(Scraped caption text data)
######

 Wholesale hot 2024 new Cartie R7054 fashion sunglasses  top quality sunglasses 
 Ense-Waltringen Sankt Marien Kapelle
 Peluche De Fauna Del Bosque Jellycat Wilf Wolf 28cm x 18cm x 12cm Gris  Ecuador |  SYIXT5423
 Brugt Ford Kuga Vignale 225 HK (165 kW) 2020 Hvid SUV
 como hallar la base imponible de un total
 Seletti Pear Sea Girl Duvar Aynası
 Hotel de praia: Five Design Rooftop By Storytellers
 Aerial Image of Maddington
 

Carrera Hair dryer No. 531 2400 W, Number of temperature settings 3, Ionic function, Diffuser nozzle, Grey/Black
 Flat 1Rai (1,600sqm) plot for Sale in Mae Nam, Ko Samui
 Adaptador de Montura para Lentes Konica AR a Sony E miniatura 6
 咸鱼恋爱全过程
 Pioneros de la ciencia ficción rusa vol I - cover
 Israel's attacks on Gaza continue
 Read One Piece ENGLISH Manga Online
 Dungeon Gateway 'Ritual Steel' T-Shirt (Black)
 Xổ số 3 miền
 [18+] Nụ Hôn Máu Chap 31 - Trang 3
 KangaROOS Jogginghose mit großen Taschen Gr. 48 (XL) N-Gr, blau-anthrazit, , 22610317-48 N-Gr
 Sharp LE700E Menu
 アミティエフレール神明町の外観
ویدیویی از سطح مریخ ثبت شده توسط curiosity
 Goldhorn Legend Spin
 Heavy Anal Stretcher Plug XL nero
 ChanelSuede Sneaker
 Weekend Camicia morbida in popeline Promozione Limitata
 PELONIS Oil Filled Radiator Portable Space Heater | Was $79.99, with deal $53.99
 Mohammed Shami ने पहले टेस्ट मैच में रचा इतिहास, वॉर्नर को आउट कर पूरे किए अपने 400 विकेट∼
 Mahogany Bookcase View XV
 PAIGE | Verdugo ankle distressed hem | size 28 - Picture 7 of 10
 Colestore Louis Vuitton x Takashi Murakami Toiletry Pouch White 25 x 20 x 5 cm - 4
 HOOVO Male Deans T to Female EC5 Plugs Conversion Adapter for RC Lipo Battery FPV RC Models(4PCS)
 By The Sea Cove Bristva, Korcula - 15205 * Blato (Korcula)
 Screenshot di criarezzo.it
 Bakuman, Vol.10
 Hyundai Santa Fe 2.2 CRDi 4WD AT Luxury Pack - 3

######

How to complete this task:
Above are the records. Copy the lines beginning at the one that has "Sharp LE700E Menu" and ending with the one that has "Colestore Louis Vuitton", unchanged.

Solution to this task:
 Sharp LE700E Menu
 アミティエフレール神明町の外観
ویدیویی از سطح مریخ ثبت شده توسط curiosity
 Goldhorn Legend Spin
 Heavy Anal Stretcher Plug XL nero
 ChanelSuede Sneaker
 Weekend Camicia morbida in popeline Promozione Limitata
 PELONIS Oil Filled Radiator Portable Space Heater | Was $79.99, with deal $53.99
 Mohammed Shami ने पहले टेस्ट मैच में रचा इतिहास, वॉर्नर को आउट कर पूरे किए अपने 400 विकेट∼
 Mahogany Bookcase View XV
 PAIGE | Verdugo ankle distressed hem | size 28 - Picture 7 of 10
 Colestore Louis Vuitton x Takashi Murakami Toiletry Pouch White 25 x 20 x 5 cm - 4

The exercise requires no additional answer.